DATA PROVIDED Start Marker
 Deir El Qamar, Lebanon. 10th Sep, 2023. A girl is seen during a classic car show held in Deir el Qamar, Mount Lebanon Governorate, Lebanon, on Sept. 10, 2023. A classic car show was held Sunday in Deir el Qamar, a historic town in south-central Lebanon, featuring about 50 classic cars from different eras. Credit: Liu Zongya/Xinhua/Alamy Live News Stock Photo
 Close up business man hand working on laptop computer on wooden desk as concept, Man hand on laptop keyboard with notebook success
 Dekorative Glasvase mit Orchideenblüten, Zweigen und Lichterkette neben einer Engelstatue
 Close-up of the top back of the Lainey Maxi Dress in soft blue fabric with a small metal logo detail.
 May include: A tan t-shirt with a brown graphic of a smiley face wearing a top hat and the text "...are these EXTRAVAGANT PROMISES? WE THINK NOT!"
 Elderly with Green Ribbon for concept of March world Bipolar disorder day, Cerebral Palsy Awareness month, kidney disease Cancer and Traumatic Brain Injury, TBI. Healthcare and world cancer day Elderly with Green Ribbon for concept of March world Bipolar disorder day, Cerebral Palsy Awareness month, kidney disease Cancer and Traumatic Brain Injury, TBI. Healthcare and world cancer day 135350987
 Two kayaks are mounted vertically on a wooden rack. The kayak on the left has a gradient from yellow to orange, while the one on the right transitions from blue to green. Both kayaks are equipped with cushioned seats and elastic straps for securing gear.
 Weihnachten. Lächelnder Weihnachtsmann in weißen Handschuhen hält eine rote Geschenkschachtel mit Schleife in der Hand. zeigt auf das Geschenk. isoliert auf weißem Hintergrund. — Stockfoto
DATA PROVIDED End Marker
DATA PROVIDED Start Marker
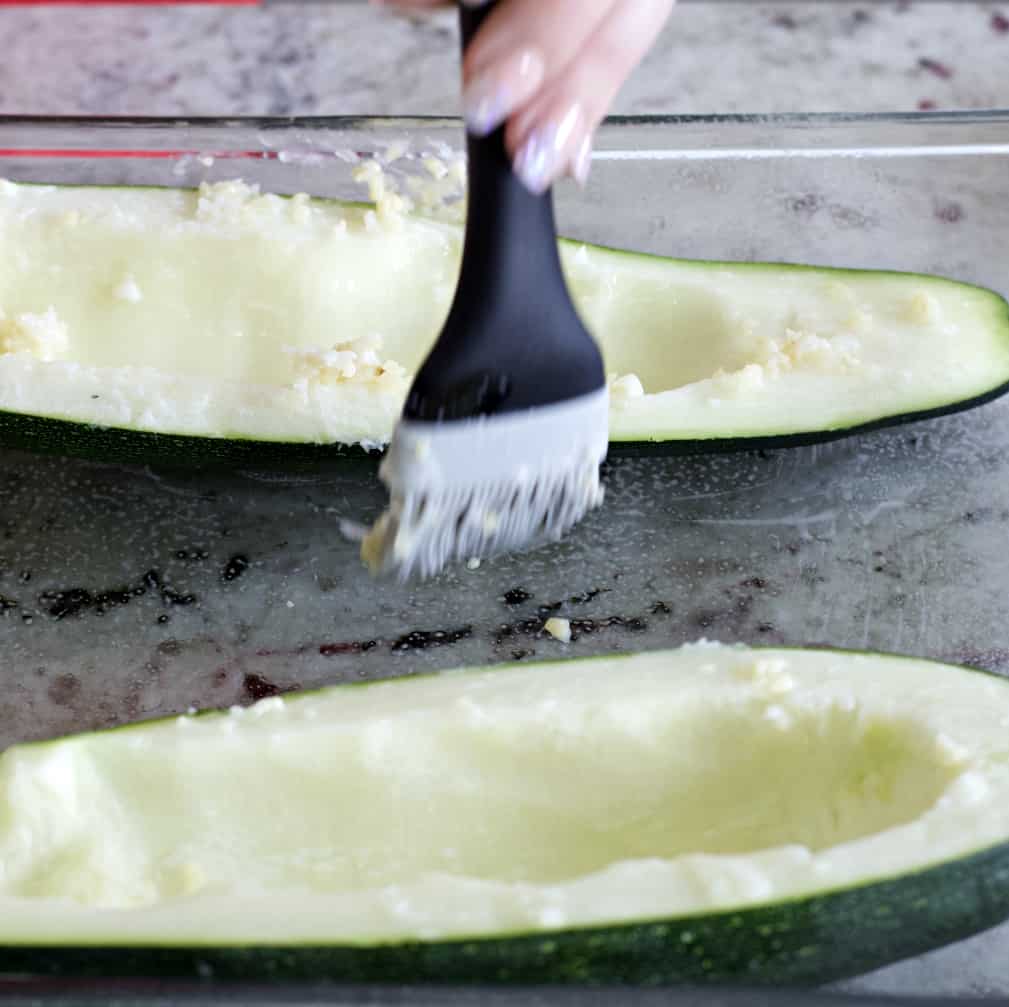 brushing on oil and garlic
DATA PROVIDED End Marker
INSTRUCTIONS TO FOLLOW
Return every line above that contains the word "Close".

TASK RESULT
 Close up business man hand working on laptop computer on wooden desk as concept, Man hand on laptop keyboard with notebook success
 Close-up of the top back of the Lainey Maxi Dress in soft blue fabric with a small metal logo detail.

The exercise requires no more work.